The application of Information Retrieval methodologies to the evaluation of recommender systems is not necessarily as straightforward as it may seem. Hence, it deserves close analysis and attention to the differences in the experimental conditions, and their implications on the explicit and implicit principles and assumptions on which the metrics build. We have proposed a systematic characterisation of design alternatives in the adaptation of the Cranfield paradigm to recommendation tasks, aiming to contribute to the convergence of evaluation approaches. We have identified assumptions and conditions underlying the Cranfield paradigm which are not granted in usual recommendation experiments. We have detected and examined resulting statistical biases, namely test sparsity and item popularity, which do not arise in common test collections from IR, but do interfere in recommendation experiments. Sparsity is clearly a noisy variable that is meaningless with respect to the value of a recommendation. Whether popularity is in the same case is less obvious; we propose experimental approaches that neutralise this bias, leaving way to an unbiased observation of recommendation accuracy, isolated from this factor. With a view to their practical application, we have identified and described the pros and cons of the array of configuration alternatives and variants analysed in this study.

In general we have found that evaluation metrics computed in AR and 1R approaches differ in how they are averaged. This means, more specifically, that precision obtained by approaches following a 1R design is bound linearly by precision of AR approaches. Moreover, we have observed that a percentile-based evaluation considerably reduces the margin for the popularity bias, although the main limitation of this approach is that it specifies a constraint on the size of the possible target sets. Additionally, a uniform-test approach removes any statistical advantage provided by having more positive test ratings. Furthermore, we have found that both approaches discriminate between pure popularity-based recommendation and an algorithm like pLSA.

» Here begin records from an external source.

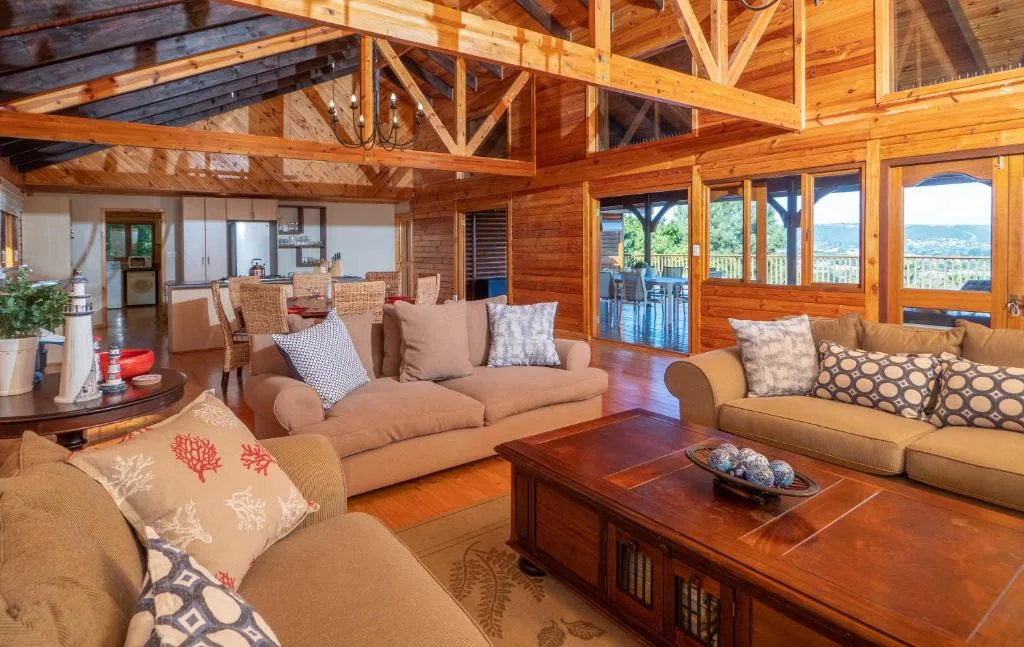 Spacious lounge with multiple sofas, wooden beams, and panoramic windows overlooking landscape views
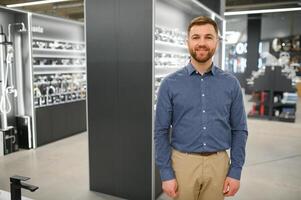 Portrait of salesperson in bathroom store. Happy man works in bath store. Sales occupation photo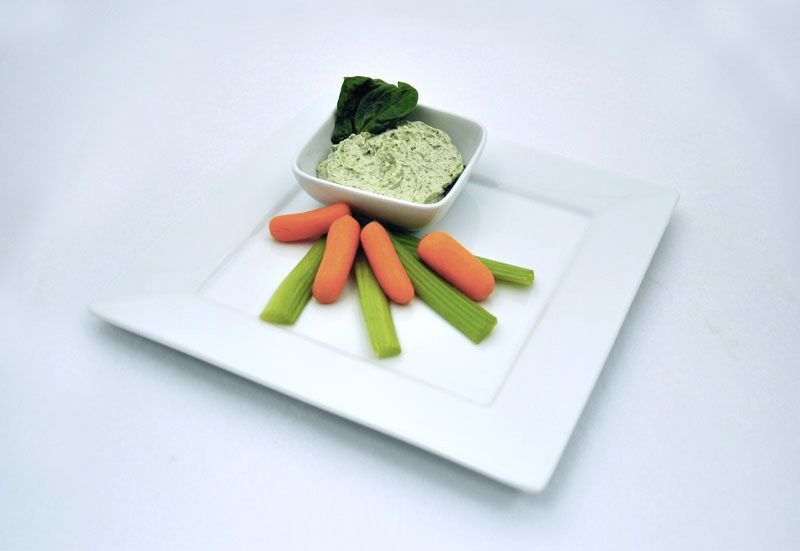 Baby carrots and celery with spinach dip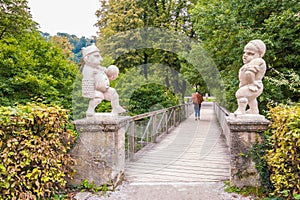 White marble dwarfs at the entrance to the Dwarf Garden Zwerglgarten, Mirabell gardens, Salzburg, Austria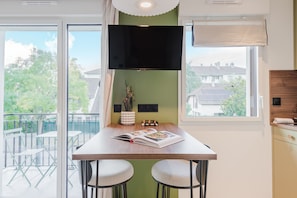A modern kitchen with a large window, a flat-screen TV, and a dining area with two stools. - 103 - Appart'Hôtel Neostelia-Annecy (Annecy)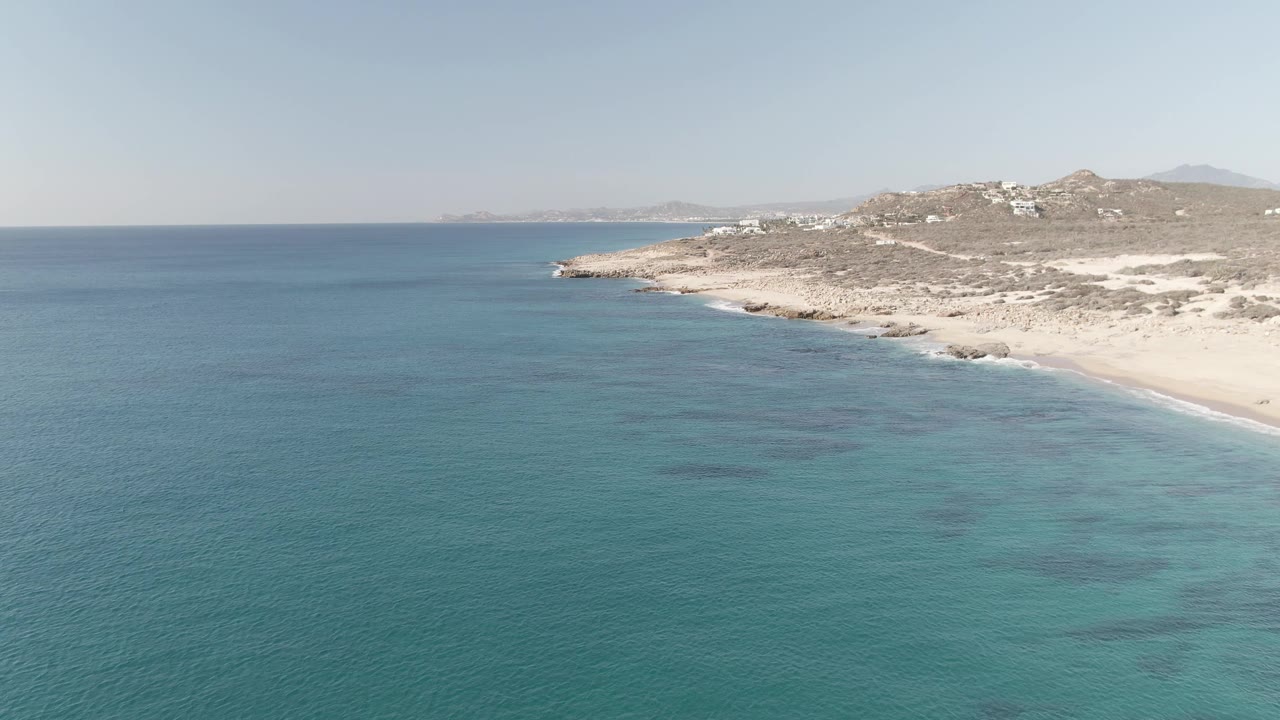 Aerial frame over Buzzards Beach East Cape BCS Mexico showing turquoise water, pale sand, rocky hillside, scattered white buildings, and no visible people at the start of the clip.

Popularity effects have started to be reported recently in recommender systems research and practice. Our research complements such findings by seeking principled theoretical and empirical explanations for the biases, and providing solutions within the frame of IR evaluation metrics and methodology—complementarily to the potential definition of new special-purpose metrics (Steck 2011). The extent to which popularity is a noisy signal may be further analysed by developing more complete metric schemes incorporating gain and cost dimensions, where popular items would expectably score lower. Such metrics may, e.g. account for the benefits (to both recommendation consumers and providers) drawn from novel items in typical situations (Vargas and Castells 2011), as a complement to plain accuracy. Online tests with real users should also be valuable for a comparative assessment of offline observations, and the validation of experimental alternatives. Finally, we think further central questions could be properly addressed and answered by the construction of new collections under appropriate conditions, e.g. devoid of certain biases in the data. Such an endeavour is most possibly out of the reach of a single research group, and certainly requires solving new practical problems, but we think it is feasible. In such an initiative it should be wise to tap into the knowledge, experience and lessons learned over more than two decades around the TREC community.